The It’s Hard out Here to be a Pimp number could be the most embarrassing musical Oscar moment since Rob Lowe met Snow White. Oscar decided to give it an urban feel by having whores, gang-bangers and other assorted ghetto types interpretatively parade past 36 Mafia. You can’t blame them. After all, Shaft is the closest the Academy came to honoring, let alone seeing, any films in the blazploitation genre.

Streep & Tomlin’s overlapping satire was quickly outdone by the 36 Mafia’s acceptance speech.

Breasts attached to a dim-bulb, Jennifer Garner almost hit the deck.

Too Effing Funny #2: Tsotsi in a tux.

Jon Stewart’s crowning line of the evening: “Martin Scorsese, Zero Oscars. 36 Mafia, One.” After that quip, he is welcome back any time.

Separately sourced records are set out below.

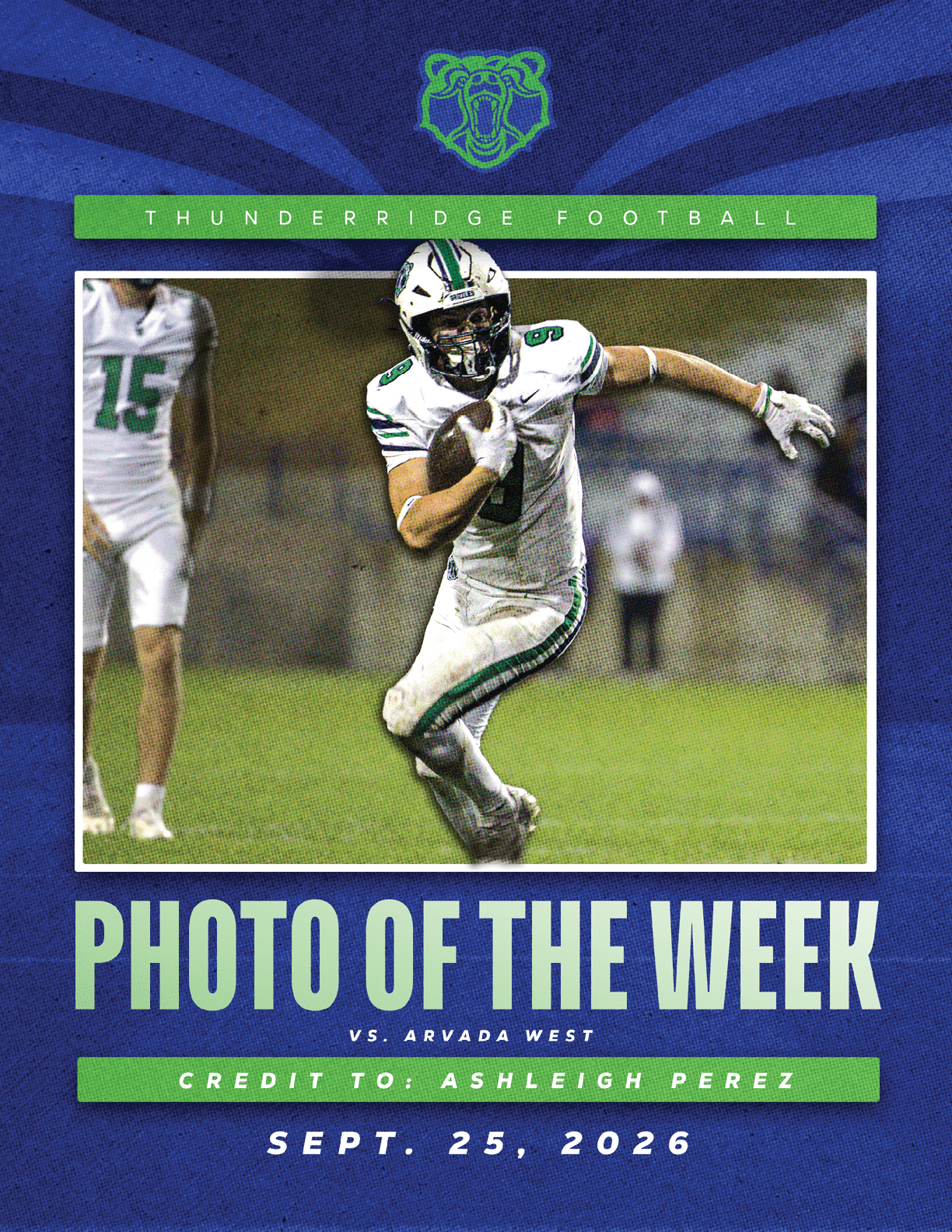 A football player in a green jersey is jumping in the air. Description generated by AI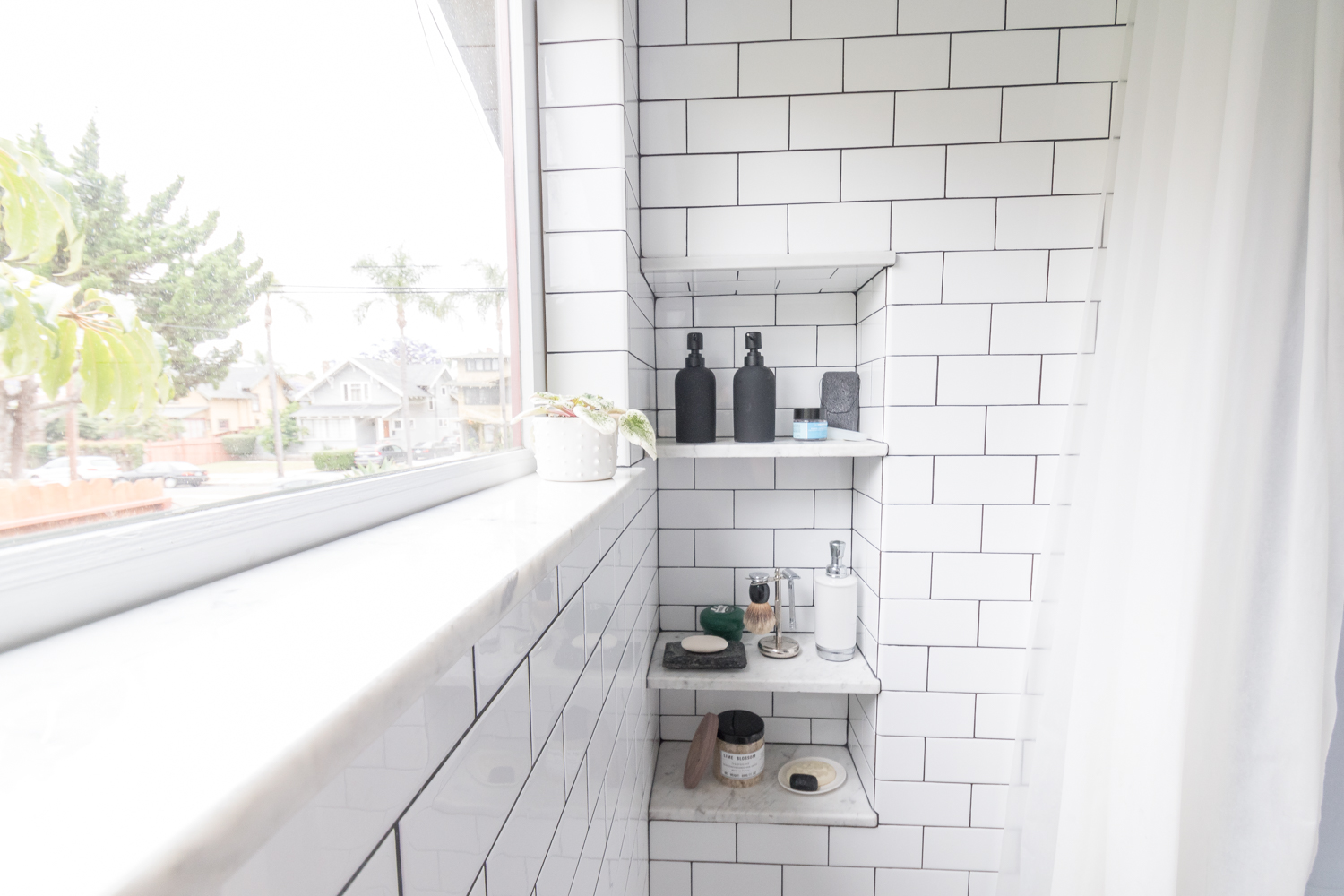 Marble sill and shelves in shower subway tile
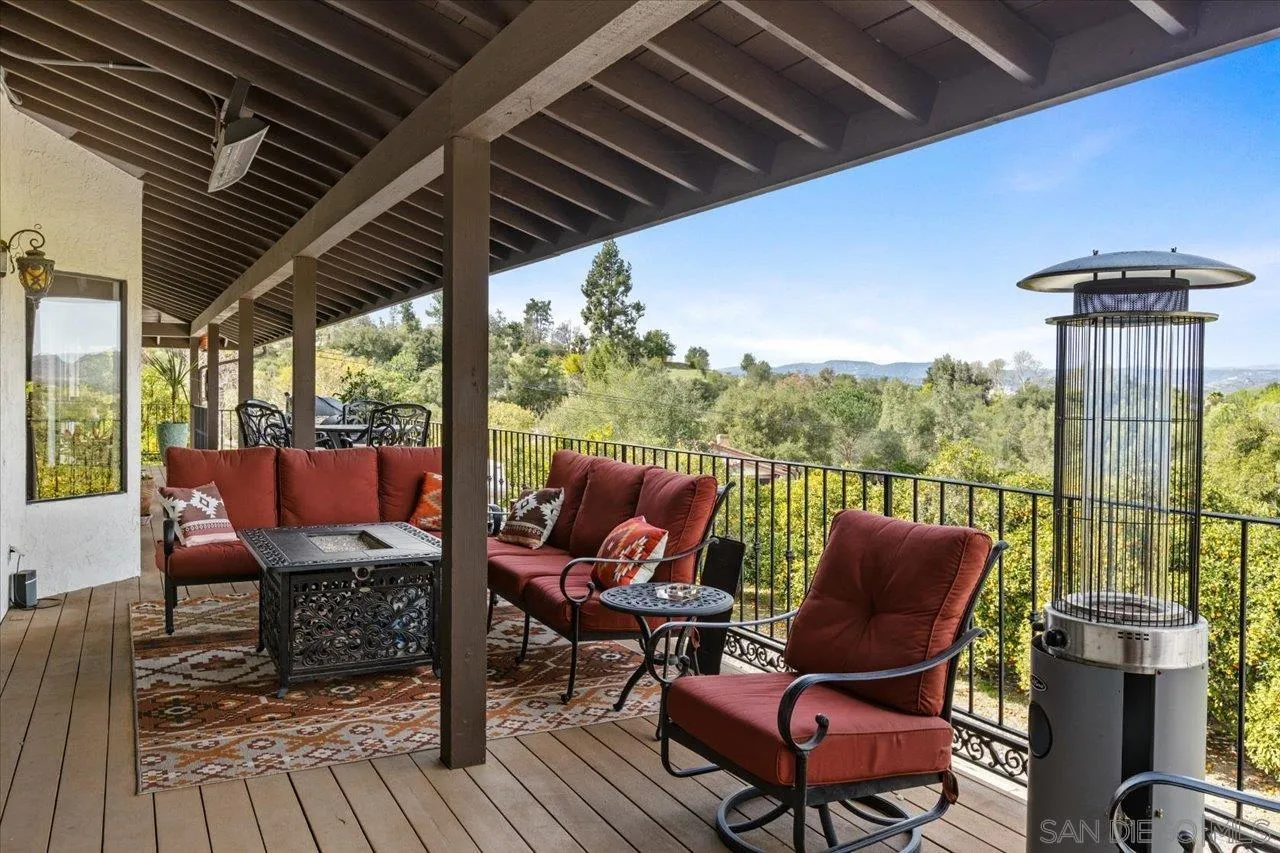 1379 Sunny Heights Road Fallbrook, CA 92028 - Photo 21 of 64 a view of a living room with furniture and wooden floor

Ang Lee looks as constipated as he directs. One facial expression. Sara Silverman noted at the Independent Spirit awards, “when my boyfriend (Jimmy Kimmel) smiles really big he looks like Ang Lee.”

Remember the kids toy where you’d use a magnet to move metal shavings across a piece of clear plastic and give the cartoon bald guy hair? John Travolta went to the same barber.

sh*tberg claps like he’s Emperor Hirahito watching Empire of the Sun.

Hilary Swank has two Oscars and now Reese Witherspoon. What the hell were they thinking?

Best thought of the night came from Dustin Hoffman. Using the old showbiz adage “if it ain’t broke, don’t fix it,” he pointed out that that’s the only way to adapt a book: break it and fix it for the screen.

Larry McMurtry, looking like Orville Reddenbacker with a fresh weave, came dressed like a Polack at the Farmer’s Market. To his credit, he was the only male to allow his female co-acceptor first crack at the mike.

Dudley Nichols, Steve Shagan, Abby Mann, Steve Tesich and now Paul Haggis.

Looking more like an Asian businessman who should be accepting a gold watch for years of loyal service, Ang Lee’s speech was a fractured as his film’s narrative. He looked down at the Oscar he so hotly anticipated and trampled his well-rehearsed: “Ah! I wish I know how to quit you. Ha! Ha! Ha!” He later observed that the film taught us about, “not just all the gay mens and women whose love is denied by society.” Right!
Judging by the look on his face, nobody was more surprised than Jack Nicholson (doing his best John Huston impersonation) that Crash won best picture.

The good news, it was a clean sweep against Munich. Honestly, I’d have preferred it over Crash. Sentimental, coincidental, haphazard, obvious, and downright sick-making, after I saw it I knew that it was going to be prime Oscar® bait. The Academy had no choice but to champion a film that represented all repressed minorities, not just one.

After the show, Ang Lee and particularly screenwriter/producer Karen Osanna both seemed indignant that their film lost.